Everything from the first line below through the line with "Adjustable Kids Cartoon" is to be transcribed exactly, and nothing past it.
* * * * *
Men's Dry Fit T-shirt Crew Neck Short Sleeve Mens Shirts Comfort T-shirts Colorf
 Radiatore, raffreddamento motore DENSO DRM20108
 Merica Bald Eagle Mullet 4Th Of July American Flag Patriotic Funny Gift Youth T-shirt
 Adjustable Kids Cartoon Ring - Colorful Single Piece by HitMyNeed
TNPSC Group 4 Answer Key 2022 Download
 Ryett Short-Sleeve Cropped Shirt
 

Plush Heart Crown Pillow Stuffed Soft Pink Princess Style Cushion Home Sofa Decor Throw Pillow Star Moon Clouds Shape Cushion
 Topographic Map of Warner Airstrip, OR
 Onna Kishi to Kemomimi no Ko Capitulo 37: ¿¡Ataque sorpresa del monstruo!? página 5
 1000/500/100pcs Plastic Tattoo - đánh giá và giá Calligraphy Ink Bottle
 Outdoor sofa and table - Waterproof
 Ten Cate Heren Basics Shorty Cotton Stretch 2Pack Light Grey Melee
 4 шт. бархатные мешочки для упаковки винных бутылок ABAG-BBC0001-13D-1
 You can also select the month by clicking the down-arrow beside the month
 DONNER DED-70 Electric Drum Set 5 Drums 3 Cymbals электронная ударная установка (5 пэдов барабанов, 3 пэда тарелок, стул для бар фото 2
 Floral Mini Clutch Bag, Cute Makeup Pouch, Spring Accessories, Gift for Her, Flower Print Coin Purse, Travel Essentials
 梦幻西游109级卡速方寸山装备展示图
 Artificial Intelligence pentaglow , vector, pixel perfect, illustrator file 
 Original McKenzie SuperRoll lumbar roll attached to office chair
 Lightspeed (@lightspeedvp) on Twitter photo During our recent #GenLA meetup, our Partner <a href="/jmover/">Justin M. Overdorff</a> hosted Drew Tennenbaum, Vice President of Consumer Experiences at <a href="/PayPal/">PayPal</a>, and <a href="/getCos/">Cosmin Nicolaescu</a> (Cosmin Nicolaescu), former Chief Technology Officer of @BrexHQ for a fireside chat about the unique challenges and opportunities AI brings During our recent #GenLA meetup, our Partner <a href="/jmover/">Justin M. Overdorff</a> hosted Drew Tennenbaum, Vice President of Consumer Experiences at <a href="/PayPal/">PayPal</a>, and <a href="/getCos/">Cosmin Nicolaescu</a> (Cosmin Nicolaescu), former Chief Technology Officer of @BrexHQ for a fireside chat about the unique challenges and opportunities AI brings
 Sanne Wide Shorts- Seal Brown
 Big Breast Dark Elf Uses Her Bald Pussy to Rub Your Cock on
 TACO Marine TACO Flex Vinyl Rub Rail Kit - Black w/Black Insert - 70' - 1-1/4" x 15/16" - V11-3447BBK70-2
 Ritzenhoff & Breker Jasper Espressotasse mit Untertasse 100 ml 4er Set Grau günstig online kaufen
* * * * *
SOLUTION FOR THIS TASK —
Men's Dry Fit T-shirt Crew Neck Short Sleeve Mens Shirts Comfort T-shirts Colorf
 Radiatore, raffreddamento motore DENSO DRM20108
 Merica Bald Eagle Mullet 4Th Of July American Flag Patriotic Funny Gift Youth T-shirt
 Adjustable Kids Cartoon Ring - Colorful Single Piece by HitMyNeed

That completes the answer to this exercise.